An international research team led by scientists at the University of Exeter and the University of Essex have uncovered a link between indicators of gene activity and the disease, which could unlock exciting new avenues of research.


The study is published in Nature Neuroscience and was co-funded by the United States National Institutes of Health, the European Union and the Medical Research Council.


The group investigated changes to the activity of genes which are not caused by variation in the actual genetic code. It is an exciting avenue for research because unlike the DNA sequence, these so-called epigenetic processes can potentially be altered by environmental factors, providing a possible future avenue to influencing their activity.


The researchers studied a type of epigenetic modification called histone acetylation that marks regions of the genome that are active. In cells, DNA is packaged by structures called histones which can be modified to control gene activity. The team quantified levels of histone acetylation across the genome using brain tissue from deceased patients with and without Alzheimer’s disease.

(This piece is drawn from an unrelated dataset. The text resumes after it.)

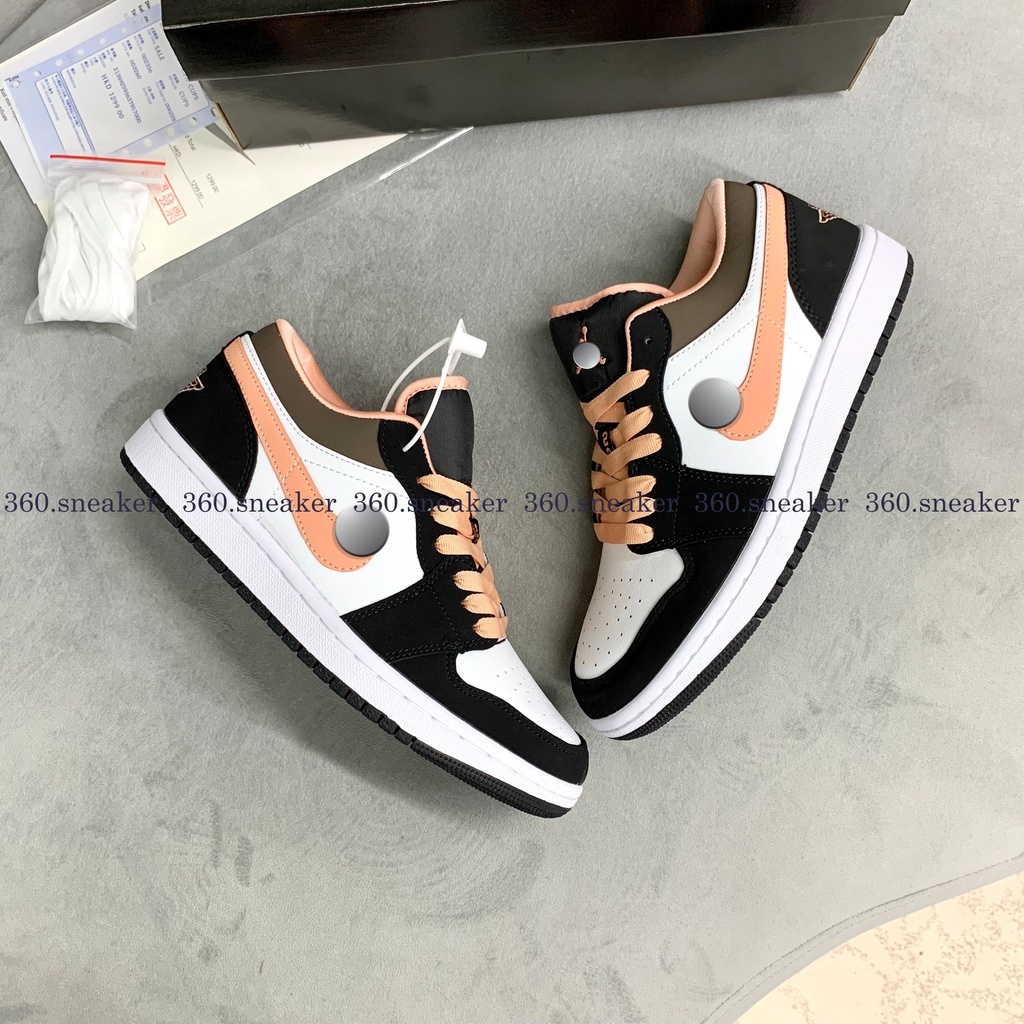 GIÀY THỂ THAO ĐEN CAM THẤP ⚡CHUẨN 1:1⚡,GIÀY SNEAKER NAM NỮ | BigBuy360 - bigbuy360.vn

Both increases and decreases in histone acetylation were found across regions of the genome, identifying genes involved in Alzheimer’s disease. Strikingly, they found differences in regulatory regions controlling the expression of both amyloid and tau, two proteins known to be involved in the pathology of Alzheimer’s disease.


This research is the first genome-wide study to investigate histone acetylation in Alzheimer’s disease, and provides a framework for studying histone modification studies in other diseases affecting the brain.

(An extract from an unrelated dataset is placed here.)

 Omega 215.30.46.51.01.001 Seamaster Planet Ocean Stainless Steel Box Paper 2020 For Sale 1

Professor Jonathan Mill, who co-led the study, of the University of Exeter Medical School said: “Our study provides compelling evidence for widespread changes in histone acetylation in Alzheimer’s disease. Although more work is needed to explore whether altered histone acetylation is a cause or a result of the condition, it is interesting that drugs modifying histone acetylation are among the most promising new treatments for Alzheimer’s disease.”


Fellow co-lead Professor Leonard Schalkwyk, from the School of Biological Sciences at the University of Essex, said: "Alzheimer’s affects millions of lives and has been extensively studied but we still haven't got to the bottom of why and how it happens. This is our second large-scale study on the chromosomes of the most-affected parts of the brain, to find different epigenetic differences in how genes are expressed in Alzheimer’s disease compared to an unaffected brain. This is helping to tie different strands of our understanding of the disease together."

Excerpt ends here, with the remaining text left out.